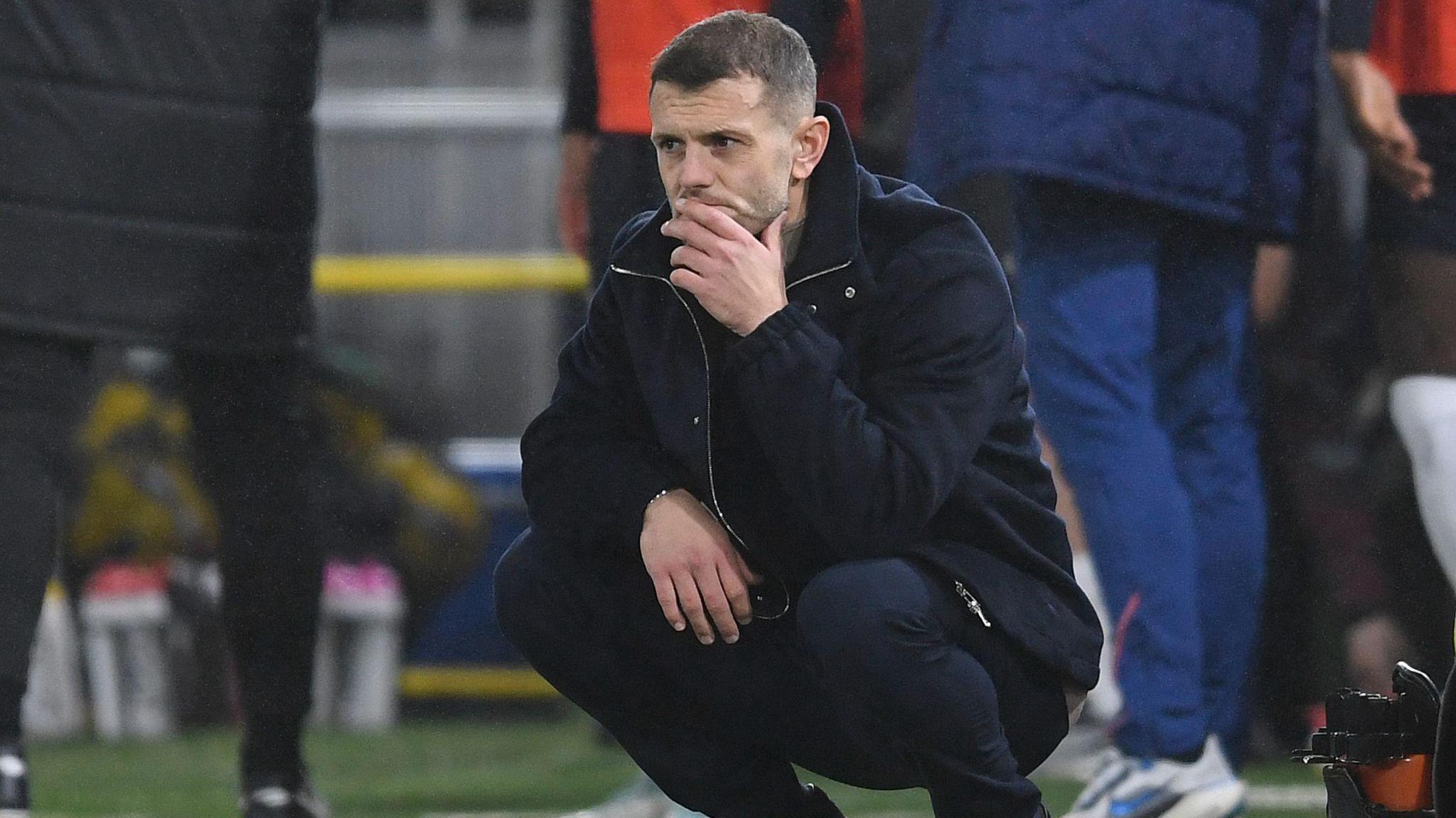 Jack Wilshere crouches down and strokes his chin in the technical area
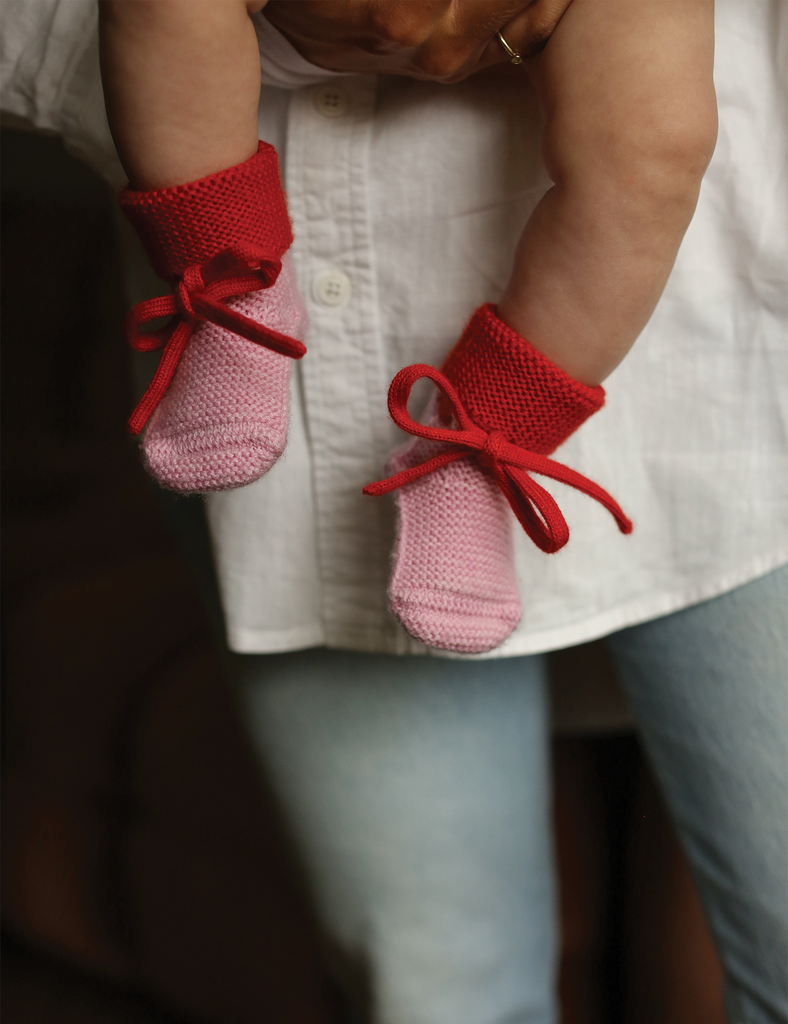 Image of pink and red baby booties on a baby being held.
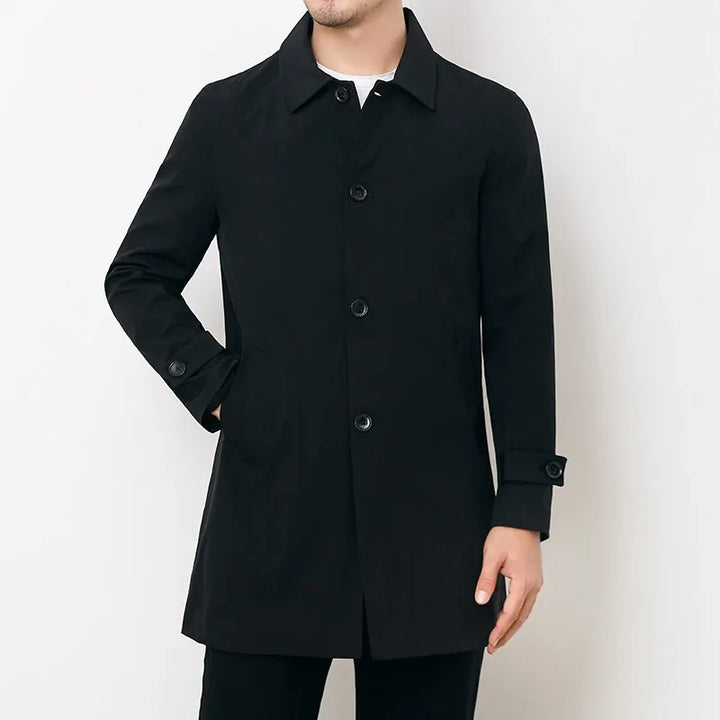 Men's water-repellent trench overcoat worn over a suit, ideal for formal workwear or smart casual all-season protection.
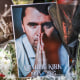 Pictures of Charlie Kirk next to bouquets of flowers on the grass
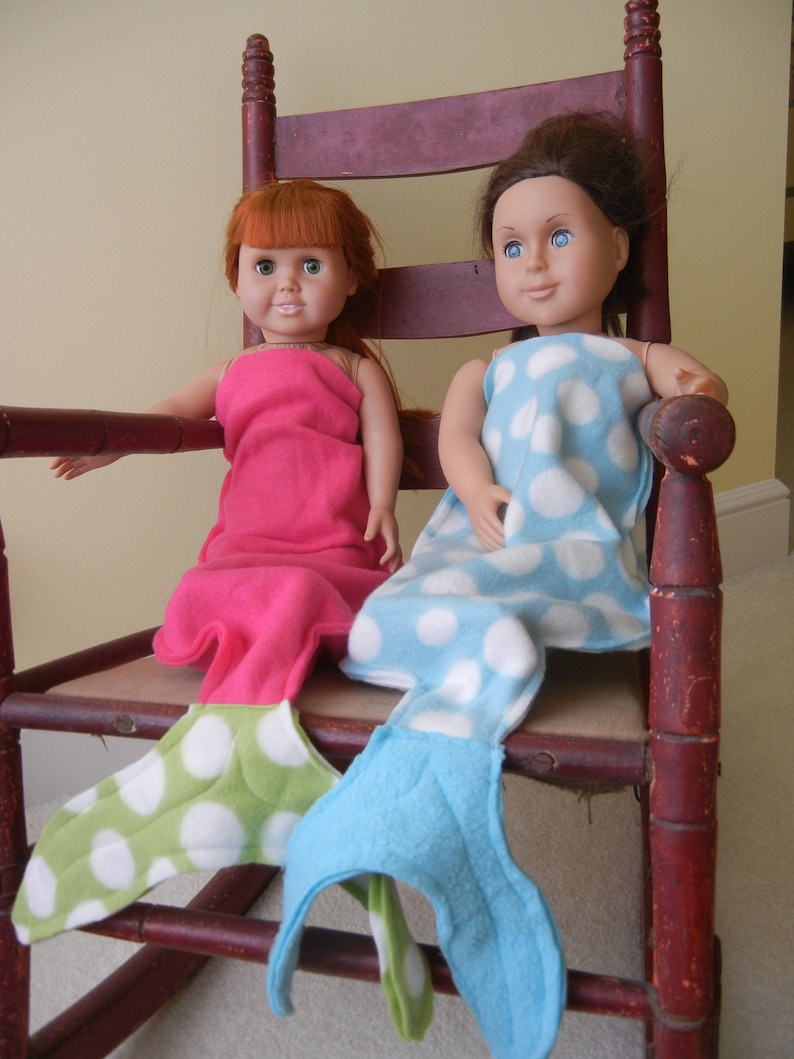 Image of dolls wearing  mermaid tails:  hot pink with green / white polka dot tail  and  blue /white polka dot  with blue tail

**WORK ORDER:** Repeat the material above word for word but skip the images.

**COMPLETED TASK:**
 Jack Wilshere crouches down and strokes his chin in the technical area
 Image of pink and red baby booties on a baby being held.
 Men's water-repellent trench overcoat worn over a suit, ideal for formal workwear or smart casual all-season protection.
 Pictures of Charlie Kirk next to bouquets of flowers on the grass
 Image of dolls wearing  mermaid tails:  hot pink with green / white polka dot tail  and  blue /white polka dot  with blue tail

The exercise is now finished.